TASK TO CARRY OUT: For each line in the data below that holds "Abstract", return a copy.

Stored records:
━━━━━━━━

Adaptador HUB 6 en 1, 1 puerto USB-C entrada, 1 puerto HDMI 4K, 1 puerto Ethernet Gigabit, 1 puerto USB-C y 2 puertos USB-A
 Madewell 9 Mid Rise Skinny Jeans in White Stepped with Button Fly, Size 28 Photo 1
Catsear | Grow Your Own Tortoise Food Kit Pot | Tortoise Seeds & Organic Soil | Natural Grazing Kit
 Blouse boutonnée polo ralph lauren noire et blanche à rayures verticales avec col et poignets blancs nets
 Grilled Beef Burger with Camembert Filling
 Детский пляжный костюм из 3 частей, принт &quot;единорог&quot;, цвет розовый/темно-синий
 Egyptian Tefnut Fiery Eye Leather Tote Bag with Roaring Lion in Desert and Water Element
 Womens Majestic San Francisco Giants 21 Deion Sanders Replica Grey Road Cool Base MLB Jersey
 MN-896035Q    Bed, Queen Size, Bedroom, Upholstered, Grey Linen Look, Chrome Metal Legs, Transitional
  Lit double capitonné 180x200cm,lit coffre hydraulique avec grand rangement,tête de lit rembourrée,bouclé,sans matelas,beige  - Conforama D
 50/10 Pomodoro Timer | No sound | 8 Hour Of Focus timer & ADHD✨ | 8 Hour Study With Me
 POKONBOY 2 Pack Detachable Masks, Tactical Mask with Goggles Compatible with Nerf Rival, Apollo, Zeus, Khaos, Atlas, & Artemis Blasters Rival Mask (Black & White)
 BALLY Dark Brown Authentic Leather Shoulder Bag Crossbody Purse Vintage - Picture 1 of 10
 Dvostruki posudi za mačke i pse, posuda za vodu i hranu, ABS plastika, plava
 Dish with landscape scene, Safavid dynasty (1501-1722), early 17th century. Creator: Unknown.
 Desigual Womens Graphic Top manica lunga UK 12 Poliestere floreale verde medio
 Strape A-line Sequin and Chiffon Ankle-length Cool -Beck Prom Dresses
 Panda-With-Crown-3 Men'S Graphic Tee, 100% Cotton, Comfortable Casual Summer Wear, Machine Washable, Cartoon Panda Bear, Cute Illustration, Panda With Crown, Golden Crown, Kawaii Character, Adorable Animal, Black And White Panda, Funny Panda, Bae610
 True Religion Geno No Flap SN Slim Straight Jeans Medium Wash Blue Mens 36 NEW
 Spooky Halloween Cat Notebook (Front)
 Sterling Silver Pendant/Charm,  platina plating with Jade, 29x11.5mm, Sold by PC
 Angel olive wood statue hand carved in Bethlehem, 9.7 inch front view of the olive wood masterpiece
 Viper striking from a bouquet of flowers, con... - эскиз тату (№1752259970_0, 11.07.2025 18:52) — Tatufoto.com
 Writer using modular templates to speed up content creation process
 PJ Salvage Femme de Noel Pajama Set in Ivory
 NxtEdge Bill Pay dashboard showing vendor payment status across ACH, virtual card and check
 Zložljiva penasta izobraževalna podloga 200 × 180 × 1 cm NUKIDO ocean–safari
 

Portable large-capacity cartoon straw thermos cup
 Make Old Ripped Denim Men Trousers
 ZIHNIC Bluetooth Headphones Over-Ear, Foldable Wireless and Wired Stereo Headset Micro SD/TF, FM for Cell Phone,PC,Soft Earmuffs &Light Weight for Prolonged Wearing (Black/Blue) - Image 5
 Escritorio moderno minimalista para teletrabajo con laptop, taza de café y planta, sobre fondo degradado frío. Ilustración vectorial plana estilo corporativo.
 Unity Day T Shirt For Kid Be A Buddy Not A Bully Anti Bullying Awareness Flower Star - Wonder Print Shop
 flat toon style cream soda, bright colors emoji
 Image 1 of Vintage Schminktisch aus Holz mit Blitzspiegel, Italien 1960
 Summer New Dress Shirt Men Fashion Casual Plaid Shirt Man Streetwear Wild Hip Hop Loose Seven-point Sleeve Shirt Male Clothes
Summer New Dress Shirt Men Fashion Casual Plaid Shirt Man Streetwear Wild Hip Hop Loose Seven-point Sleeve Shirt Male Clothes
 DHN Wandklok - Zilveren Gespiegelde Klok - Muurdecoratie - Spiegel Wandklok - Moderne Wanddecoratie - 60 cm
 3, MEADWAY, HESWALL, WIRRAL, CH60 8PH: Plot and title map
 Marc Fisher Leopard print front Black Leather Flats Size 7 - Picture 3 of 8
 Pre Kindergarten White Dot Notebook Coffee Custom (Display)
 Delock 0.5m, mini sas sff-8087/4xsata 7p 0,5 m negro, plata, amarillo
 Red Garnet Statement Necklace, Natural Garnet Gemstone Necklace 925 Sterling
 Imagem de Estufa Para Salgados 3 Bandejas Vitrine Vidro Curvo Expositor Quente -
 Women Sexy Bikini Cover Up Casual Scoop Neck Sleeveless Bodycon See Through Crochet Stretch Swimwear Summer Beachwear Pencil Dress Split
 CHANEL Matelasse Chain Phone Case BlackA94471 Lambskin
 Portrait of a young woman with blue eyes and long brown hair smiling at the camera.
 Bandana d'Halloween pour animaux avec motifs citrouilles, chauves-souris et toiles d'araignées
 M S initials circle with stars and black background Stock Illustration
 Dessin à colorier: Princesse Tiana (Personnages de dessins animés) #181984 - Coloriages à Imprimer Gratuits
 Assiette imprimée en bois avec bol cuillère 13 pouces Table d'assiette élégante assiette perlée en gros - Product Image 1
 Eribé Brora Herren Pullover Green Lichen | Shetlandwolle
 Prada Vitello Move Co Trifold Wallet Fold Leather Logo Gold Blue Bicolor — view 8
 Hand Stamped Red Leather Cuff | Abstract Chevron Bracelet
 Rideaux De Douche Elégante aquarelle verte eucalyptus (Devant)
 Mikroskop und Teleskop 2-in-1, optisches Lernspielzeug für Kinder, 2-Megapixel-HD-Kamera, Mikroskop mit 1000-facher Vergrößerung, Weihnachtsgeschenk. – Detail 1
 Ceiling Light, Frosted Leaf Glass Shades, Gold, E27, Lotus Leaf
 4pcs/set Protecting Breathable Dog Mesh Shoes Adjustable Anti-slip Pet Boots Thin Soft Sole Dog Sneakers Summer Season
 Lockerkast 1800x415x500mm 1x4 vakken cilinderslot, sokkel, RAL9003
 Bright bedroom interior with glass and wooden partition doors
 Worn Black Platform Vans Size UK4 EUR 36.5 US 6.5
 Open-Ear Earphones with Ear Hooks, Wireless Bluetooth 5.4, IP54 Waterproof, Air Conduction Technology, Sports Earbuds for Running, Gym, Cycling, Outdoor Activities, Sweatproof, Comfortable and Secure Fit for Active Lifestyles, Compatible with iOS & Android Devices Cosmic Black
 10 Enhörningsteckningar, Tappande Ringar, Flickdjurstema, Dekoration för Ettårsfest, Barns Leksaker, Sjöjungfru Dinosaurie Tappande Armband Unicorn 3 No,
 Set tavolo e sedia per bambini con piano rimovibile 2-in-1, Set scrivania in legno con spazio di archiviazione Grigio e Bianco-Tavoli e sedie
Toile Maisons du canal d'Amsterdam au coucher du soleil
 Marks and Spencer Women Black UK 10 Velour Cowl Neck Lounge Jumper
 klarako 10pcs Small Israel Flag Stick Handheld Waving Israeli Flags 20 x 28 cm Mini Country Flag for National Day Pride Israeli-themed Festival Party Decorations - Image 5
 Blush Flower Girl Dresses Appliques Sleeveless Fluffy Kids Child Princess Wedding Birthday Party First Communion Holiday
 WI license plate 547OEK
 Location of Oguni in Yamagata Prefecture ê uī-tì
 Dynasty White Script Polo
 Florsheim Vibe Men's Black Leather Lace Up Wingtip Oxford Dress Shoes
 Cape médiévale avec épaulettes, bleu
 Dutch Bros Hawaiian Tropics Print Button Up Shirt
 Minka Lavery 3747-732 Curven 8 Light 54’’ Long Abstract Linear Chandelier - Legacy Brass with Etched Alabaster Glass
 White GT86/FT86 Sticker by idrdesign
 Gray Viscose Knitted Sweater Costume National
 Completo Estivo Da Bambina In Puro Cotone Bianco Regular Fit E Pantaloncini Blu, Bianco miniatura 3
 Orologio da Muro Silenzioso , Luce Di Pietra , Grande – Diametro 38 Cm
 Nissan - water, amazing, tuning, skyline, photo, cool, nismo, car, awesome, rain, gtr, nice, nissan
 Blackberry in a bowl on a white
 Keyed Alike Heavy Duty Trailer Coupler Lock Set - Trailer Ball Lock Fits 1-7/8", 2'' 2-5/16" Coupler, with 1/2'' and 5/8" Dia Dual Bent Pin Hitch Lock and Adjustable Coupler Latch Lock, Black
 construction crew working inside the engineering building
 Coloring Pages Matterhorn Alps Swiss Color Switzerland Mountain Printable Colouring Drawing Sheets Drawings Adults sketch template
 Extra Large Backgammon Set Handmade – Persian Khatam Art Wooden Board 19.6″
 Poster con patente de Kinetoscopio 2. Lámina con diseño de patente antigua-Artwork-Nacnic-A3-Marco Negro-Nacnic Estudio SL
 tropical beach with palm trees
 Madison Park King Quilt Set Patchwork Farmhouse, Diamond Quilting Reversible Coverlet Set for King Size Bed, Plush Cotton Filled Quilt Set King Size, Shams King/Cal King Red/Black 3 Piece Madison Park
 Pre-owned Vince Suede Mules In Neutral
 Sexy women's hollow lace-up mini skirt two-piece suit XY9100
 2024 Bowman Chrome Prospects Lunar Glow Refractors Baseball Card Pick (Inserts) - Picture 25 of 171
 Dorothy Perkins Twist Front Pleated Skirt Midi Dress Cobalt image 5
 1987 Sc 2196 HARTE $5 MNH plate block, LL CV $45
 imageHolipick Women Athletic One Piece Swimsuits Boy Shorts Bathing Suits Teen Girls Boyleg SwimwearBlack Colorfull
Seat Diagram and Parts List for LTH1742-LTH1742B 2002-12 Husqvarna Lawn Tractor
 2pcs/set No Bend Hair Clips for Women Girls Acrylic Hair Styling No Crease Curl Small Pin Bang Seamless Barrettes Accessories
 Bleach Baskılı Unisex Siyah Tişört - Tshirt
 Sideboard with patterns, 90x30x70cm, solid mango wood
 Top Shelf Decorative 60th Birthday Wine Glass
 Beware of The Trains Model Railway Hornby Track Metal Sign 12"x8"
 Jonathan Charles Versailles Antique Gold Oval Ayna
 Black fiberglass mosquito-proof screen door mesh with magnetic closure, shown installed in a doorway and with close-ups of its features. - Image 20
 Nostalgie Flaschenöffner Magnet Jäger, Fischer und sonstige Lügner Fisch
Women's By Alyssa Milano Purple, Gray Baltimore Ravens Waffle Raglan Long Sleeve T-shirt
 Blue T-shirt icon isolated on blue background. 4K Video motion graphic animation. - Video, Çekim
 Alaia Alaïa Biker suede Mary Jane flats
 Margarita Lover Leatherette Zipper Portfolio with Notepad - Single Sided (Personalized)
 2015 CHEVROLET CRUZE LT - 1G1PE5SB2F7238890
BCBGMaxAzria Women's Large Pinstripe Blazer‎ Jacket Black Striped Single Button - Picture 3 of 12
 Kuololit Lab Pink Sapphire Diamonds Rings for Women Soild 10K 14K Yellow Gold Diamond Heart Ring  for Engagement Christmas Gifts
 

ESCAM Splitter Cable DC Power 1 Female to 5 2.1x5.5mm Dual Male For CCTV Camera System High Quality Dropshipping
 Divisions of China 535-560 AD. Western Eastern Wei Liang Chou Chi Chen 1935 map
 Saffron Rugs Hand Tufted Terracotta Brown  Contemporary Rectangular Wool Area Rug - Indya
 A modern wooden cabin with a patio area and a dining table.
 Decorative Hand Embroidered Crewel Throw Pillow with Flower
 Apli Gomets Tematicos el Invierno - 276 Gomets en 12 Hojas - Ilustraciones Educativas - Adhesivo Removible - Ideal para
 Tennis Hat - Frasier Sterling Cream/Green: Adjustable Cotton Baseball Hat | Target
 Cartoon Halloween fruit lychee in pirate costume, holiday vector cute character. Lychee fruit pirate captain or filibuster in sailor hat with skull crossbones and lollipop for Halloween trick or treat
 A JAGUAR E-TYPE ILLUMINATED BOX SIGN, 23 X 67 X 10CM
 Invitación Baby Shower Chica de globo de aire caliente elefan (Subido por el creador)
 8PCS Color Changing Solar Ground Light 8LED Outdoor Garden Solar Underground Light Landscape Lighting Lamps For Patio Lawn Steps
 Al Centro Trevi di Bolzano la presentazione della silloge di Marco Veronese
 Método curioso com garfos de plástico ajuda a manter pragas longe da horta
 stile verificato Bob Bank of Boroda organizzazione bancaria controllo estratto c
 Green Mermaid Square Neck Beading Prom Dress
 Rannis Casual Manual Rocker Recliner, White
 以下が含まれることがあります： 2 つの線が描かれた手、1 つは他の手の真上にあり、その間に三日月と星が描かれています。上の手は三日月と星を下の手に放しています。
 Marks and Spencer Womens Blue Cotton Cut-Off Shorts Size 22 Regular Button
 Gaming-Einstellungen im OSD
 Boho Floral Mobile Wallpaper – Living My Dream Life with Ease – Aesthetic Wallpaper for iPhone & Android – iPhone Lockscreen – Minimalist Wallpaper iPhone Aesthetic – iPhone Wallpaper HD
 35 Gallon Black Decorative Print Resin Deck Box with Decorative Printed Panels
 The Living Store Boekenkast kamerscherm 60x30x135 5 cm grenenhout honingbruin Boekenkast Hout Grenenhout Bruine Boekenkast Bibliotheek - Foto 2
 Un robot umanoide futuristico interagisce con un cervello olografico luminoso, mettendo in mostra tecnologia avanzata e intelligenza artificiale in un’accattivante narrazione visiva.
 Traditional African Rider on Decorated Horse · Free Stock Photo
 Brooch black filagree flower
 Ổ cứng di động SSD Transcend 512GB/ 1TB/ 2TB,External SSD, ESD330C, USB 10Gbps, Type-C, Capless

━━━━━━━━

EXERCISE RESULT:
 Hand Stamped Red Leather Cuff | Abstract Chevron Bracelet
 Minka Lavery 3747-732 Curven 8 Light 54’’ Long Abstract Linear Chandelier - Legacy Brass with Etched Alabaster Glass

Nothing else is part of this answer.